The second method of coffee cherry processing is wet processing. This is the method used to produce our Guatemalan coffee. The difference in coffee fruit processing contributes to the differences in flavors between our two coffee varieties! In wet processing, the beans are removed from the cherries before being dried. Farmers know that the cherries are ripe if the pulp can be easily removed. If not, the the unripened cherries are then filtered out.

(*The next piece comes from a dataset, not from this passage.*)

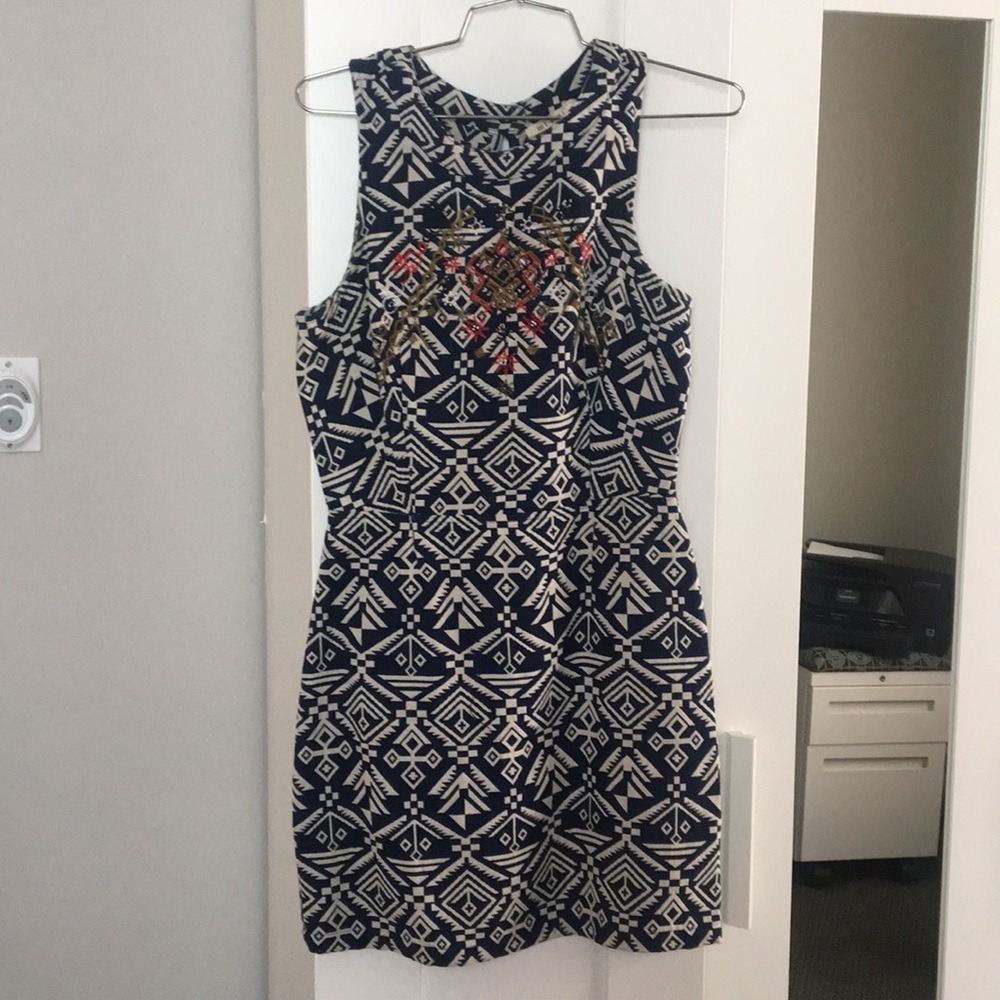 Francesca’s embroidered dress, keyhole in the back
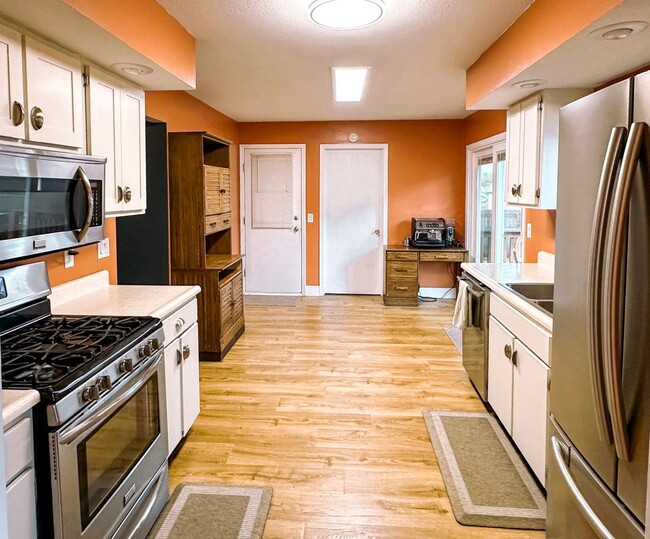 2613 Rachel Rd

At this point, the processed coffee beans can be decaffeinated. The caffeine is extracted while the beans are still green, before the roasting process. Then, caffeinated or decaffeinated, the beans are shipped to our roasting locations in Virginia and Pennsylvania!
All of these steps, from harvesting coffee cherries to separating them from their pulp, require intensive labor and skill. Here at Mandela coffee, we are proud to say that our partners complete these steps with care, using sustainable methods. There truly is an art to handpicking- an art embodied by every cup of Mandela Coffee.